## Task details:
Return only the tail of the data below, word for word: the line with "Balenciaga o1bcso1str0425 Dup" and each line after it through the final one.
*** The input ***
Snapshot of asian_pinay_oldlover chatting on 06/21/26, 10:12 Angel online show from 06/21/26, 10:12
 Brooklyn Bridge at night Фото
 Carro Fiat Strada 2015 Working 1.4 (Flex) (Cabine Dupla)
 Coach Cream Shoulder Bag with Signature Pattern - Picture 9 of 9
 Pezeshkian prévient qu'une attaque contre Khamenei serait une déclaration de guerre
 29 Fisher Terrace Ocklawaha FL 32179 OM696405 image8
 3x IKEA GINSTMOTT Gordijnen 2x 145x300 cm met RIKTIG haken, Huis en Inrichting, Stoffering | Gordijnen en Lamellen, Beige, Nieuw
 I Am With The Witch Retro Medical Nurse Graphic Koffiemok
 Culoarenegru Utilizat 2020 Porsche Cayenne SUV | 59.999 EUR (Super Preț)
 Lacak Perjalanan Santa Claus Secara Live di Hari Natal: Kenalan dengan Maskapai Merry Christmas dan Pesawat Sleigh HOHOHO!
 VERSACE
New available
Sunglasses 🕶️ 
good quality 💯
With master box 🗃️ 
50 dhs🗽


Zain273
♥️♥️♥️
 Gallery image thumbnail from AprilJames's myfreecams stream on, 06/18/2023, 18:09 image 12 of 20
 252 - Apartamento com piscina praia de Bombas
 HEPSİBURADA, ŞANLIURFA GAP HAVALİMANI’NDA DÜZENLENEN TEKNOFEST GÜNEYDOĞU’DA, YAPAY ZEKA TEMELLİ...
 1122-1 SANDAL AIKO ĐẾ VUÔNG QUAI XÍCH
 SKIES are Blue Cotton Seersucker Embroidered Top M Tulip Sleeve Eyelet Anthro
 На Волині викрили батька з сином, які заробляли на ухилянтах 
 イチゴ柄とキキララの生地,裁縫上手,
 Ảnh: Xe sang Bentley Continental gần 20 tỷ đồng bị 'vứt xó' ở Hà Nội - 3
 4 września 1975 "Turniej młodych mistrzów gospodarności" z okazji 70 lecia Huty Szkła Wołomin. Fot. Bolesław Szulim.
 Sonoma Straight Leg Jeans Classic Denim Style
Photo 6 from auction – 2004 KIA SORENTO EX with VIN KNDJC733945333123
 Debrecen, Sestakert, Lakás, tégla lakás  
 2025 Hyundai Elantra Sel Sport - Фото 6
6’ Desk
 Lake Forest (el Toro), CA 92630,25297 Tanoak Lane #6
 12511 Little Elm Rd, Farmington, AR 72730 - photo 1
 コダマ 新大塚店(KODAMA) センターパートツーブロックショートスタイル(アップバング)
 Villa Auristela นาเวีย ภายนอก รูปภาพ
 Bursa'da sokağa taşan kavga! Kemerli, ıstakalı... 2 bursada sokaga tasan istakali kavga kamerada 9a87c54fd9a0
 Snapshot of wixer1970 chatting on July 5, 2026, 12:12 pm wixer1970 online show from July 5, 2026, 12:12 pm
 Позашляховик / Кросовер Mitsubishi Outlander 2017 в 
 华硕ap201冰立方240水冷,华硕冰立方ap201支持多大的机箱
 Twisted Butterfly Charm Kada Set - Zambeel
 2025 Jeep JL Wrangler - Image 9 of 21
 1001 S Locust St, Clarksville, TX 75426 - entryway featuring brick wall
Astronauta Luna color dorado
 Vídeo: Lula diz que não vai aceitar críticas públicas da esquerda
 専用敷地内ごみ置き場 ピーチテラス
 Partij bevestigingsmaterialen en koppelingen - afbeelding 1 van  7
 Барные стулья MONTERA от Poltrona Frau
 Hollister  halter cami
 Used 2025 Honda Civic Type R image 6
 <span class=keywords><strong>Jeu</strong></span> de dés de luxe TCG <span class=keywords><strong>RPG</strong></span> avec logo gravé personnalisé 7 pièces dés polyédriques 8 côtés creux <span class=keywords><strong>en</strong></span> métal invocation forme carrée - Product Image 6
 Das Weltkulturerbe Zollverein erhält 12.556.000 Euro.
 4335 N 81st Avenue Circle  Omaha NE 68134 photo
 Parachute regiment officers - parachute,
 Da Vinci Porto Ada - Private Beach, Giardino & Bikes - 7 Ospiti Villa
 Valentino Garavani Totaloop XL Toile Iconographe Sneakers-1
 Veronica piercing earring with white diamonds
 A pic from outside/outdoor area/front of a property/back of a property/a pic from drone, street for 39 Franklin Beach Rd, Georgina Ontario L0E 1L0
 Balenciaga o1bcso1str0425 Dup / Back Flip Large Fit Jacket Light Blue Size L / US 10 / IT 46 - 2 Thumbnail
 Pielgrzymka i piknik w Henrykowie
*** End of The input ***
## Answer below:
 Balenciaga o1bcso1str0425 Dup / Back Flip Large Fit Jacket Light Blue Size L / US 10 / IT 46 - 2 Thumbnail
 Pielgrzymka i piknik w Henrykowie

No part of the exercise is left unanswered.